Wi-Fi networks must be Passpoint compliant.
Configuration
Hardware configuration is addressed via separate guides. At the time of writing, the following documents are available:
Hardware Configuration Guide for Aruba Central
Hardware Configuration Guide for Aruba Mobility Controllers
• Hardware Configuration Guide for Cisco Meraki
Hardware Configuration Guide for Nomadix WLAN Controllers
Hardware Configuration Guide for Ruckus SmartZone
Hardware Configuration Guide for Ruckus ZoneDirector
Please refer to these documents for further configuration information.
SUBSCRIBER DEVICES
Prerequisites
The subscribers’ mobile devices (belonging to visitors, guests, employees, etc.) must be compliant with Passpoint (Hotspot 2.0) – All recent iOS and Android-based smartphones or tablets support Passpoint today, however older models or products running less popular operating systems might not do. Laptops compatibility is also more erratic. It is therefore essential to maintain a traditional onboarding service in parallel with Passpoint to handle non-compatible devices.
Operation
If a Passpoint profile is installed correctly, the subscriber device should connect automatically to the customer’s private Passpoint SSID on the supported property network.
Warning
The Passpoint service does not use captive portal or CNA pop-up, the subscriber devices automatically join the relevant Passpoint Wi-Fi SSID.

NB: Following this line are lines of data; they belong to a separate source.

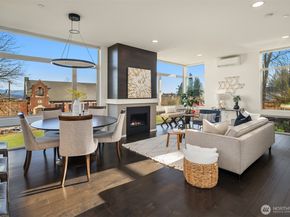 928 34th Avenue, Seattle WA 98122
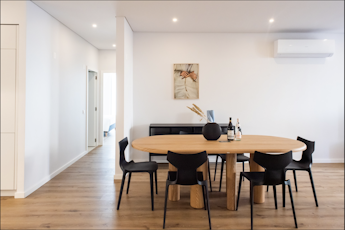 Santa Barbara Square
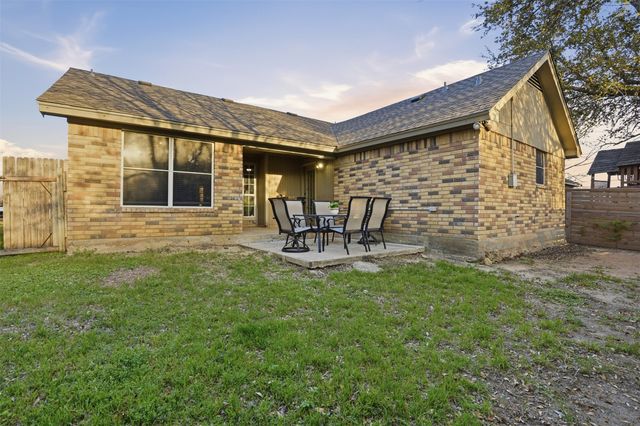 6305 Longmont Trail, Fort Worth, TX 76179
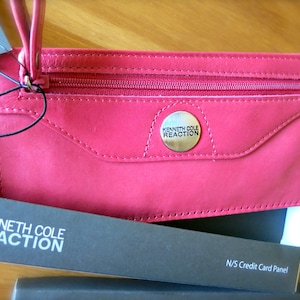 Vintage Summer Pink Leather Wallet-Kenneth Cole Credit Card Panel-Vintage Hot Pink Leather Zip Coin Purse-Small Genuine Leather Pink Wallet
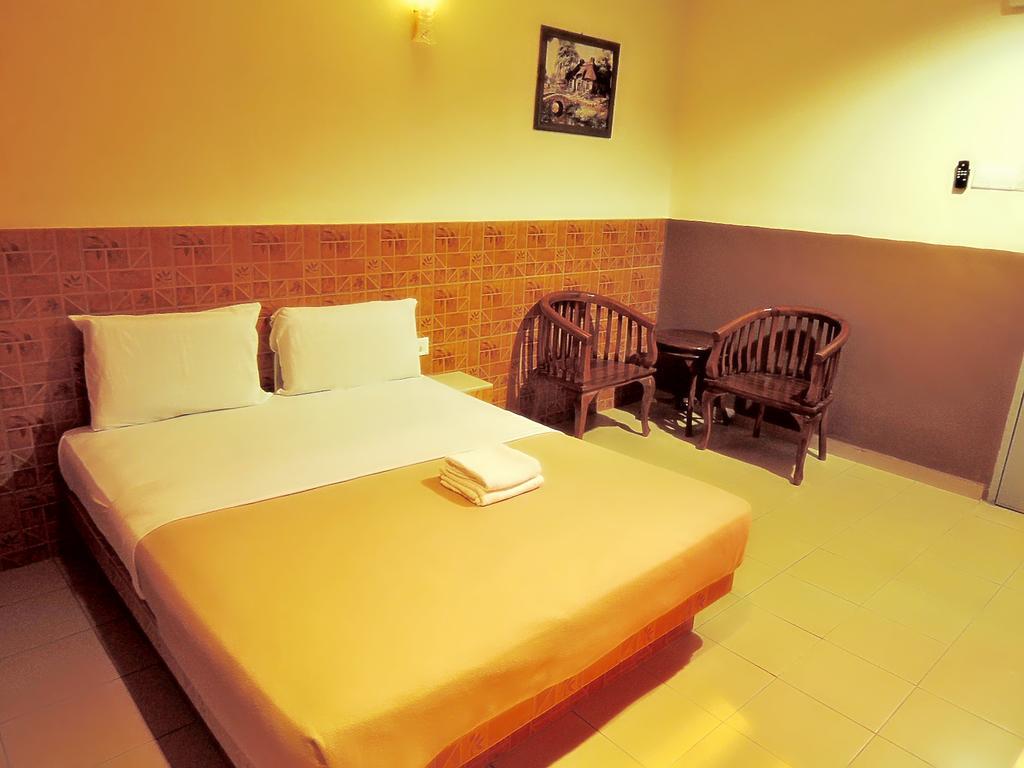 Hotel Seri Nilai Extérieur photo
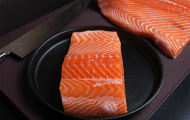 Bụng Cá Hồi Phi Lê – Mỡ Ngậy, Chuẩn Vị Sashimi Nhật Bản
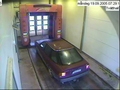 Idiot in der Waschstraße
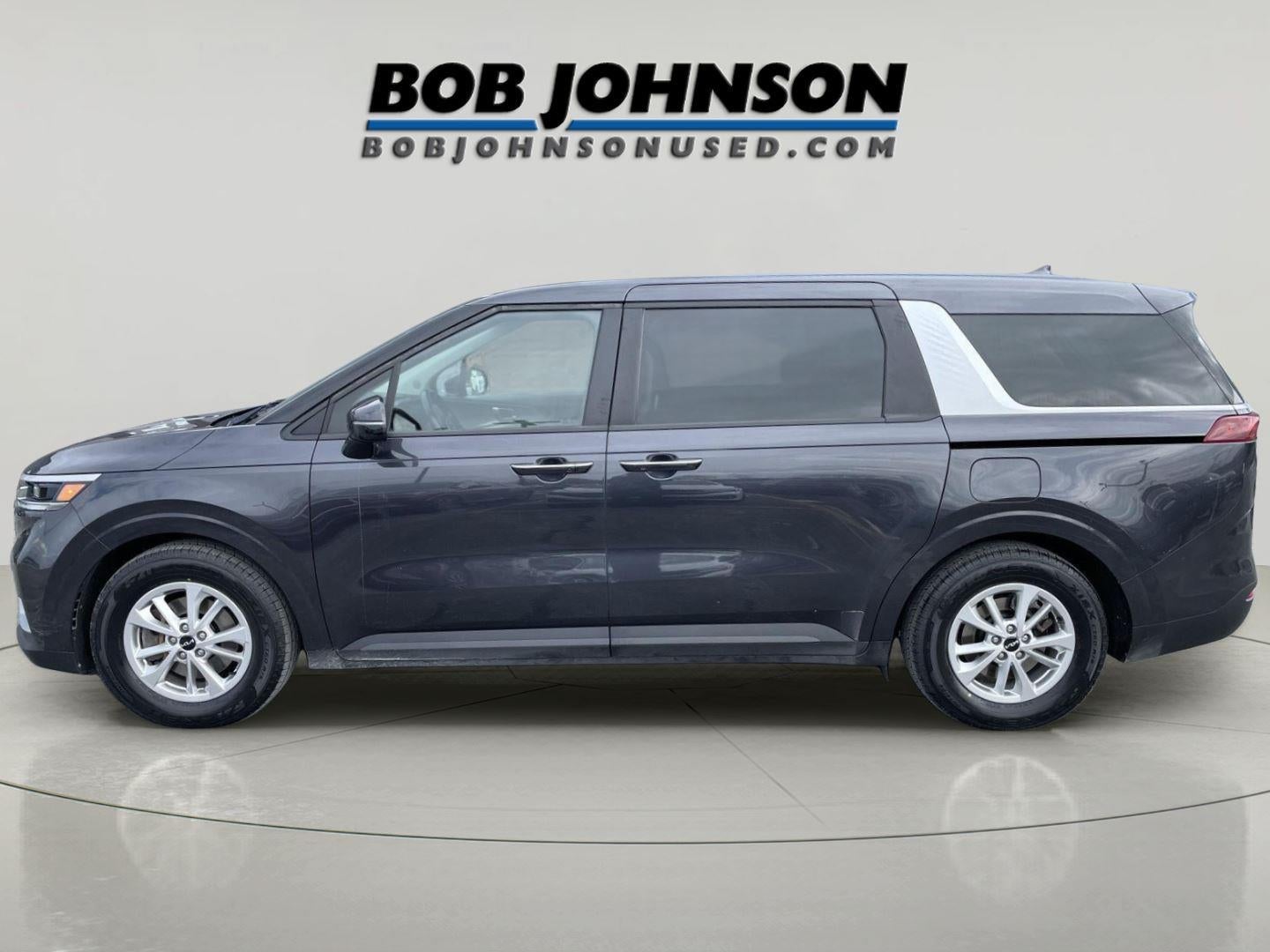 2023 Kia Carnival LX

Do not manually connect to the SSID, as this will not work and will cause the subscriber device to prompt for a username and password.
Troubleshooting
If a subscriber device is prompted for user name/password, the following may help to further assess identifying Passpoint profile related issues:
If username/password are blank, this usually means there is no Passpoint profile found on the subscriber device
If username is filled in, but password is blank, this usually means the Passpoint profile is corrupted and will not work.
If the Passpoint profile is not installed, use the customer app to download it to the subscriber device.